§ What is needed: Only some lines are wanted: please transcribe exactly those from the one containing "Mit Scooby-Doo im Bully... Cala Millor" through the end of the data, pictures excluded.

[Caption-style text data]
──────────────────────────────
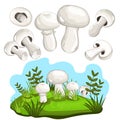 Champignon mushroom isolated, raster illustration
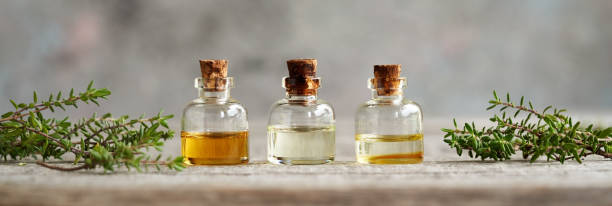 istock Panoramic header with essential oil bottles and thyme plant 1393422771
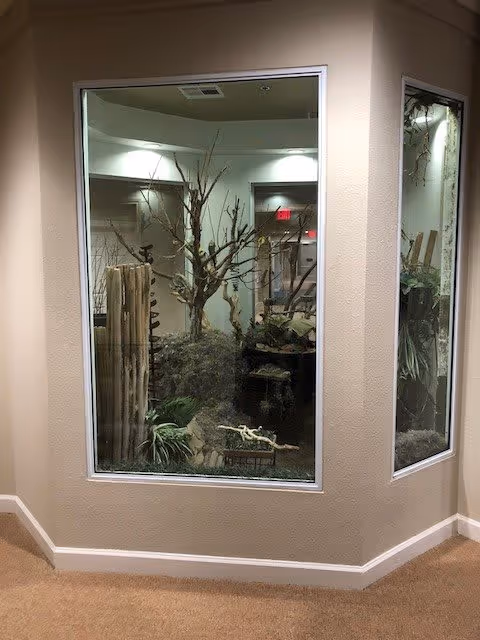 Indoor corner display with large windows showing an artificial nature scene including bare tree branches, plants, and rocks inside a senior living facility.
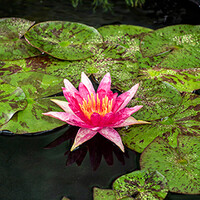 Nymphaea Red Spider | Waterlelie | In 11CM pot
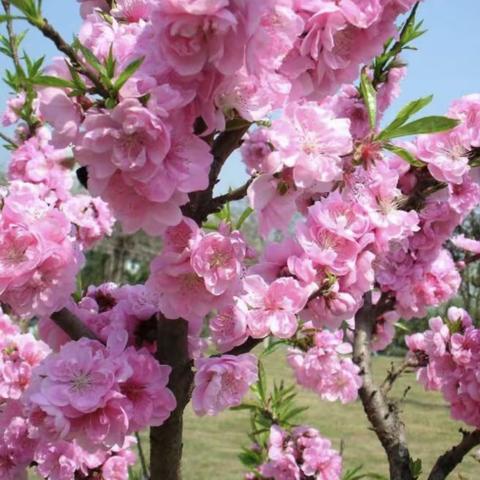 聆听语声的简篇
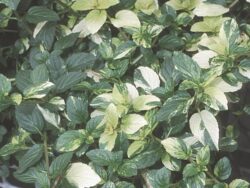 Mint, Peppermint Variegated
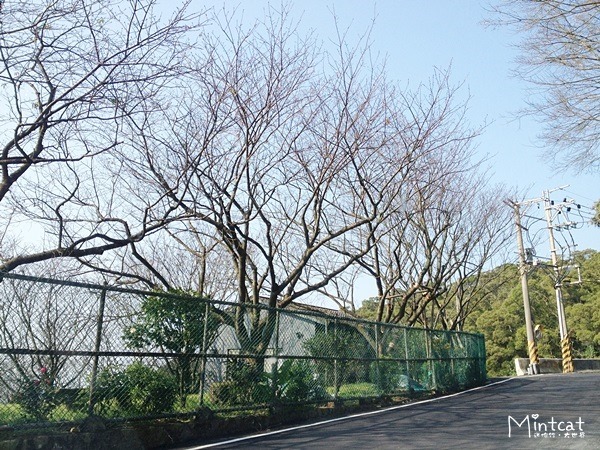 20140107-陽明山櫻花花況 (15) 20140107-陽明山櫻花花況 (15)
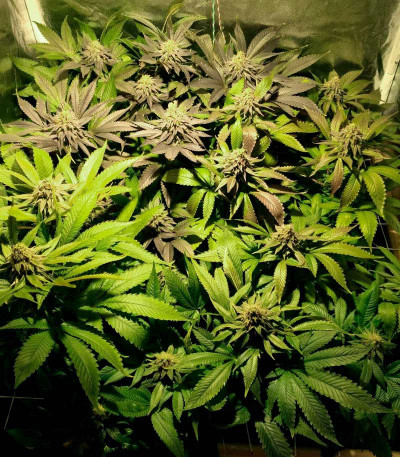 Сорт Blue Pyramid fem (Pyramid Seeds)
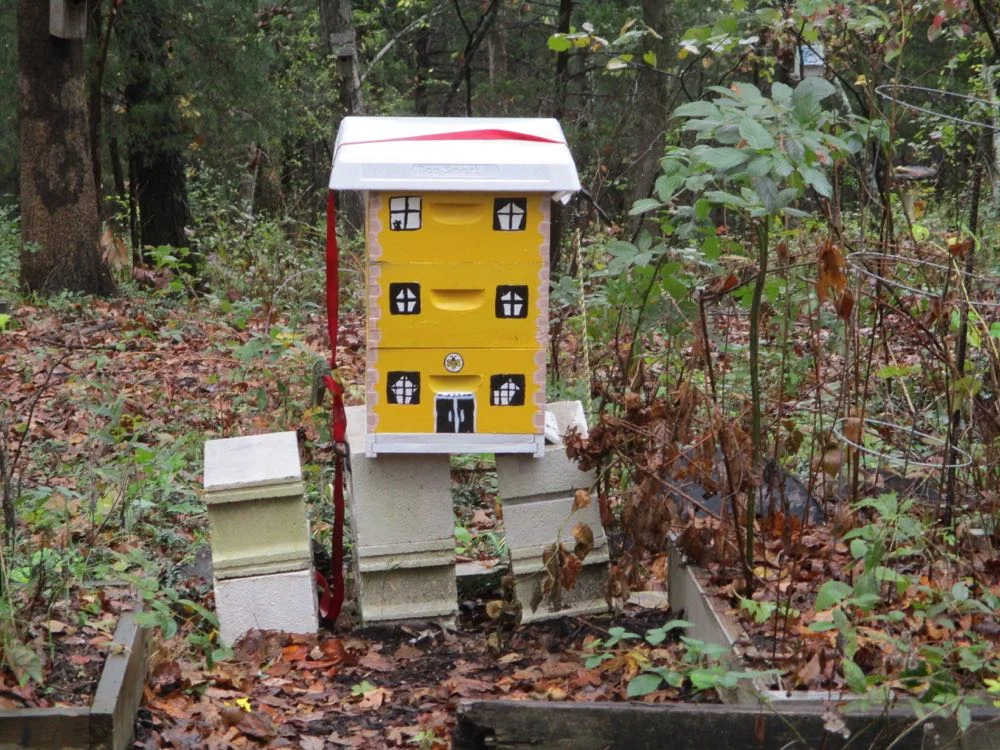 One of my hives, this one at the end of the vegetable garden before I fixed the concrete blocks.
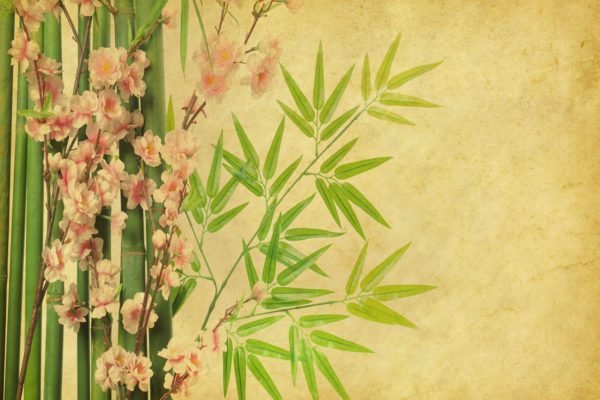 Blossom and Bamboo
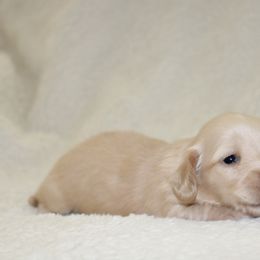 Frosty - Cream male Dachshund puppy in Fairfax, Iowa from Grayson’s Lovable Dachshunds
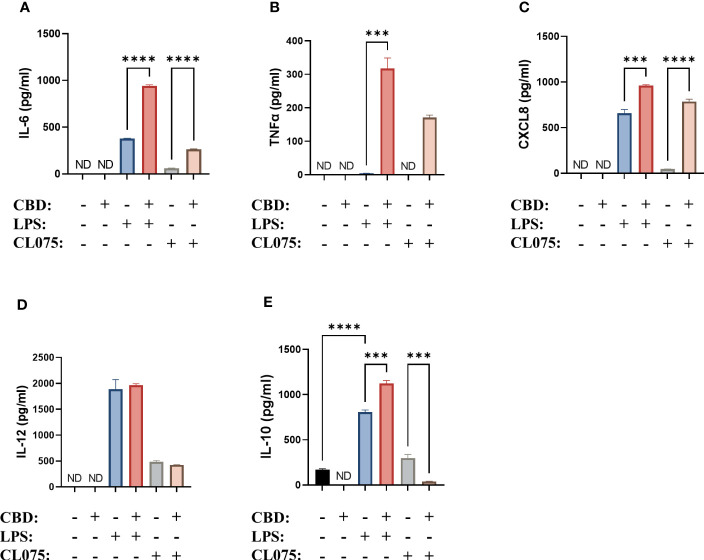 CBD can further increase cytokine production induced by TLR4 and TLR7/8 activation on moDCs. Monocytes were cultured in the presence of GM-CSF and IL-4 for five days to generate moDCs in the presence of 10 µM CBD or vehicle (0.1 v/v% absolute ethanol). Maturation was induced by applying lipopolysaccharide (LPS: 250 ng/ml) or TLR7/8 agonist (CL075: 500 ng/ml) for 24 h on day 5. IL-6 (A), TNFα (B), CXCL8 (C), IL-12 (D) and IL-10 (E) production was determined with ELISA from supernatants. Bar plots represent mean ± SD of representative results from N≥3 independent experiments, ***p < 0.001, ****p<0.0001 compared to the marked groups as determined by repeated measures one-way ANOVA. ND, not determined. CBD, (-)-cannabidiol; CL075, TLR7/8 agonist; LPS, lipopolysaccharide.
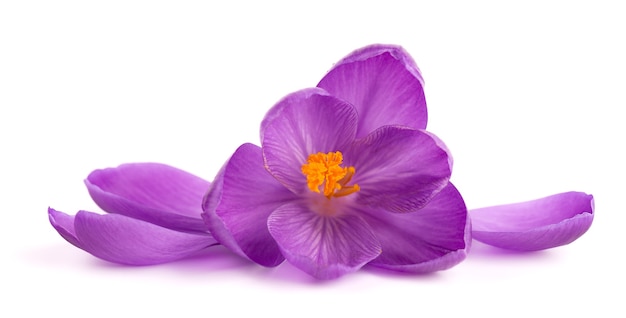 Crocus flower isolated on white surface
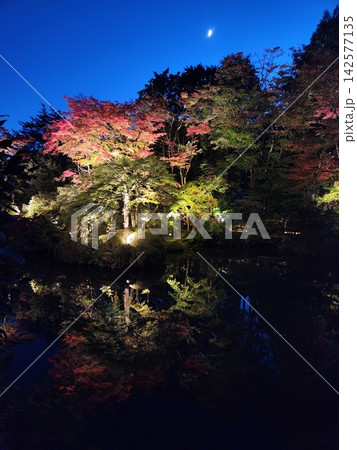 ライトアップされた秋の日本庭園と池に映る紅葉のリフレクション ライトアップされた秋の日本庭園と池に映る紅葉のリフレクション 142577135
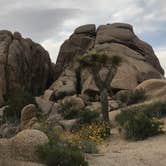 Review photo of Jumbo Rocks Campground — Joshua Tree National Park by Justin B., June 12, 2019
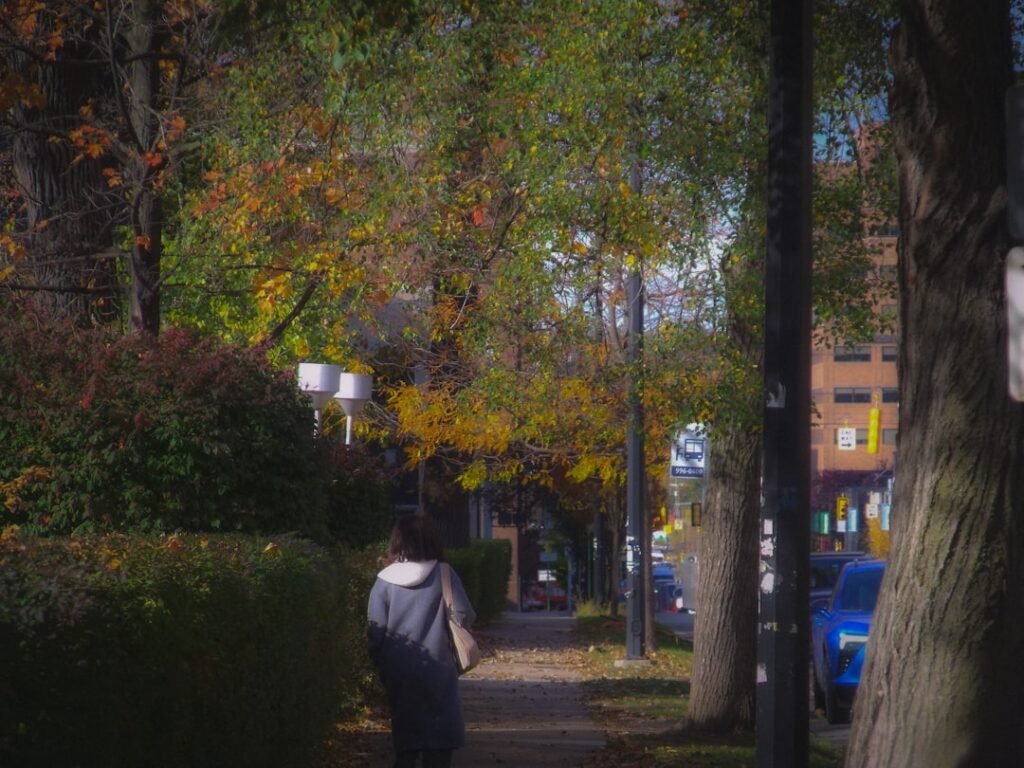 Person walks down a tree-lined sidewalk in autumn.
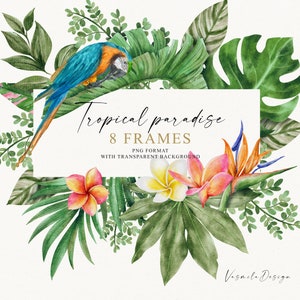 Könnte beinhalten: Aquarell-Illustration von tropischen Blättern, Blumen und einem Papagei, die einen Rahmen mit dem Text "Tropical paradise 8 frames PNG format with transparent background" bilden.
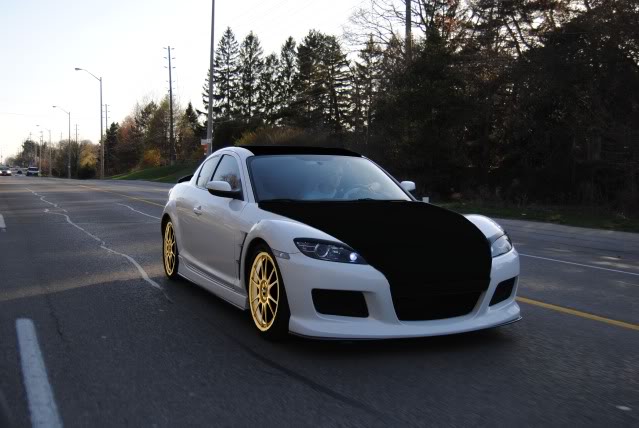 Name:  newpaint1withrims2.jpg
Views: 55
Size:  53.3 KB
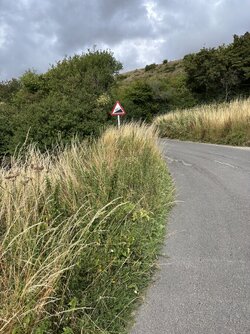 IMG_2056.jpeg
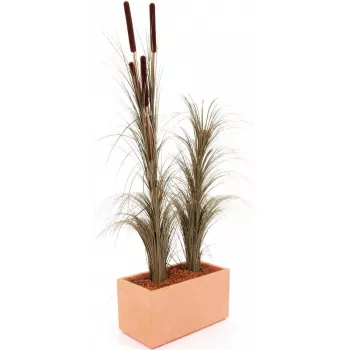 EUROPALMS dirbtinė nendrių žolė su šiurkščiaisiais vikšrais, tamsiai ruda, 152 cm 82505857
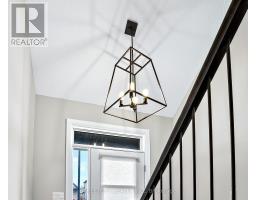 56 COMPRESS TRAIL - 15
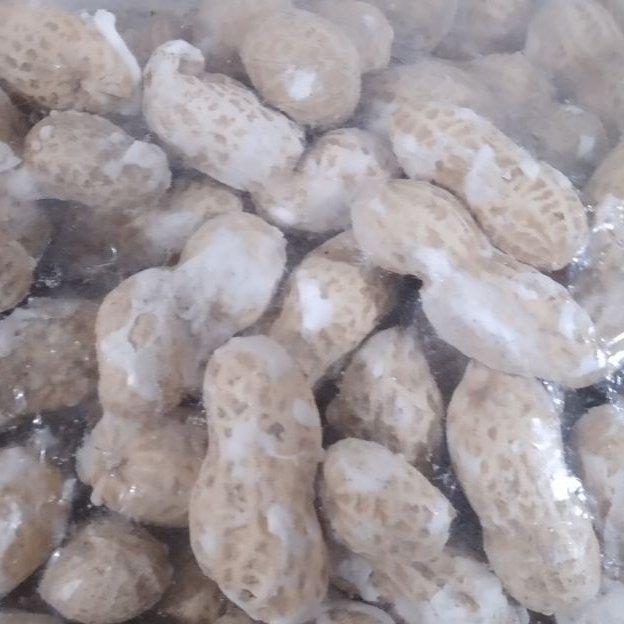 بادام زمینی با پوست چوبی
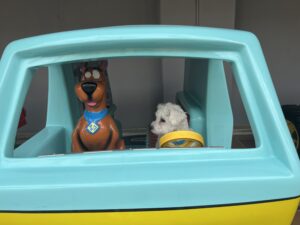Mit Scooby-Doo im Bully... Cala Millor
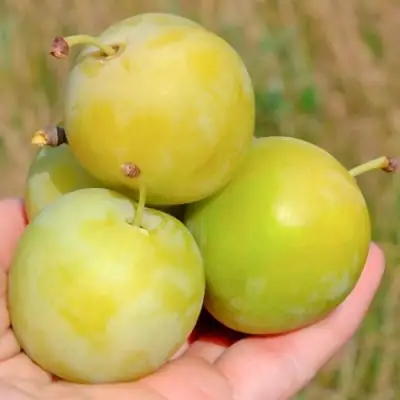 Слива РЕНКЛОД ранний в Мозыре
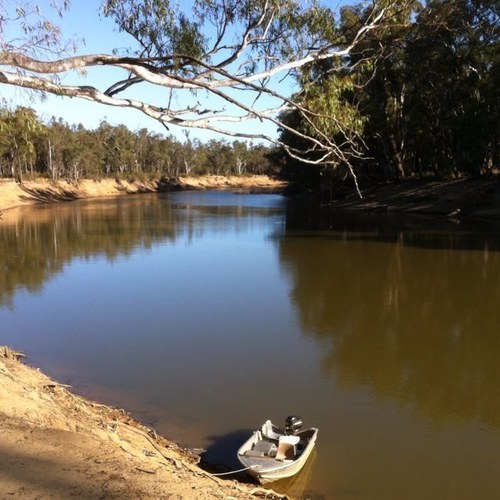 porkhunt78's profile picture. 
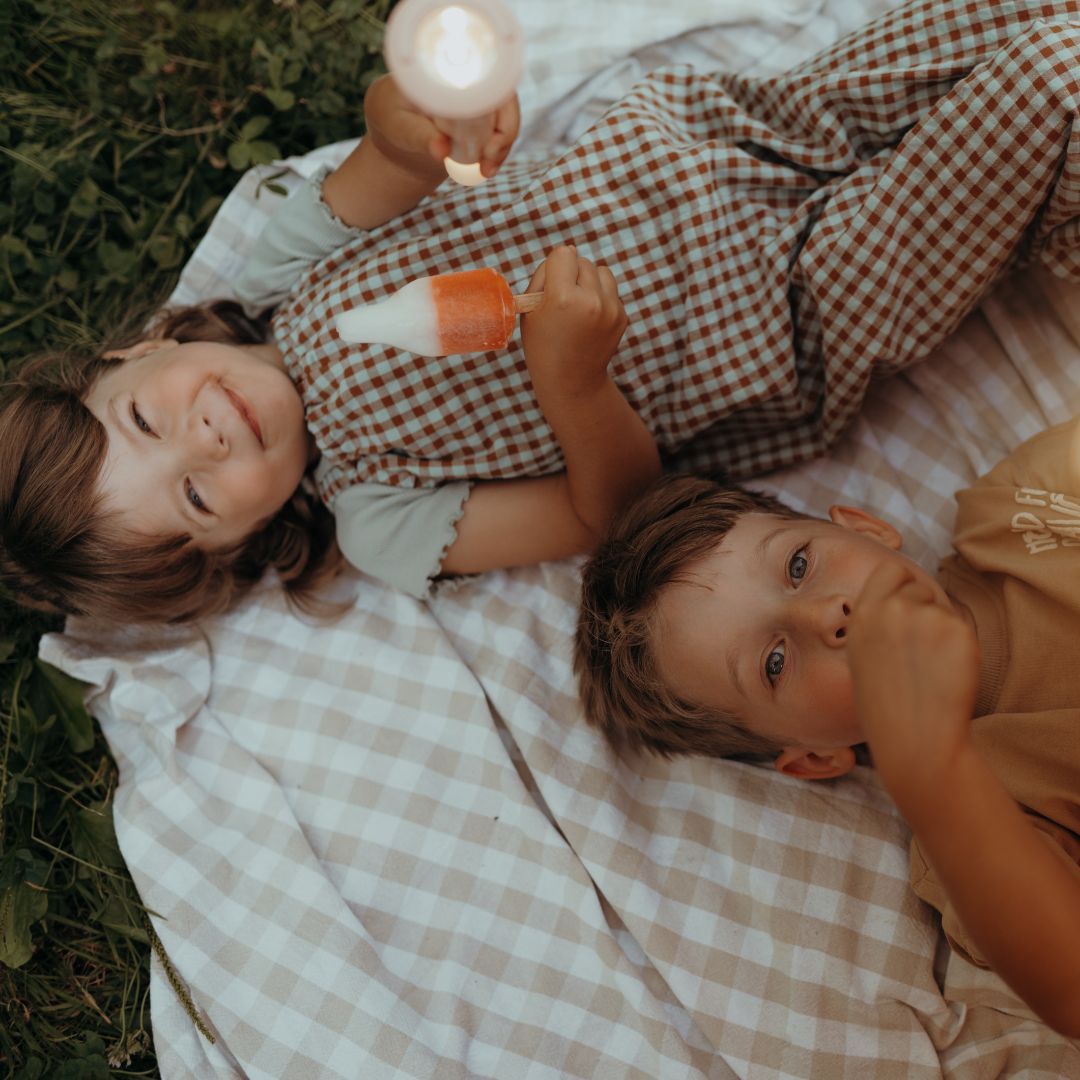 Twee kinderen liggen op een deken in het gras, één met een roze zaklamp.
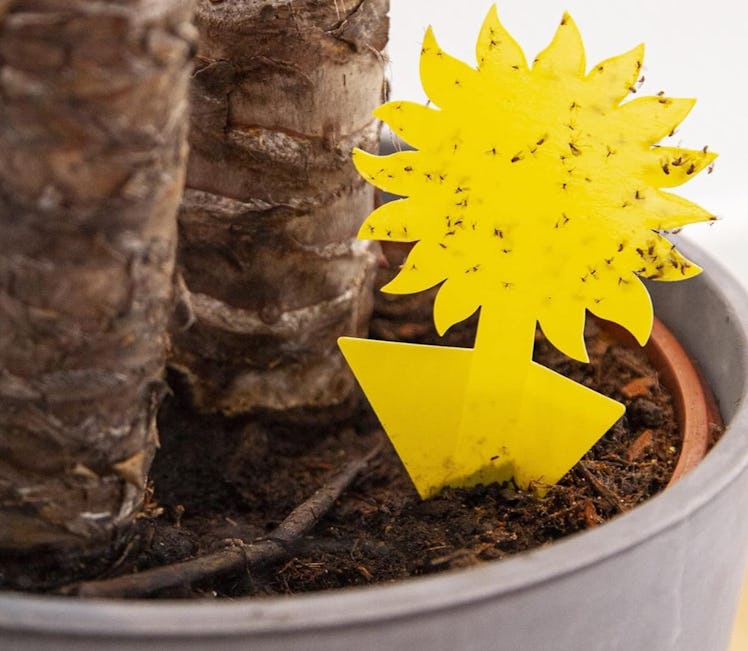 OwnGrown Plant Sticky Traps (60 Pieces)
──────────────────────────────
§ Response:
Mit Scooby-Doo im Bully... Cala Millor
 Слива РЕНКЛОД ранний в Мозыре
 porkhunt78's profile picture. 
 Twee kinderen liggen op een deken in het gras, één met een roze zaklamp.
 OwnGrown Plant Sticky Traps (60 Pieces)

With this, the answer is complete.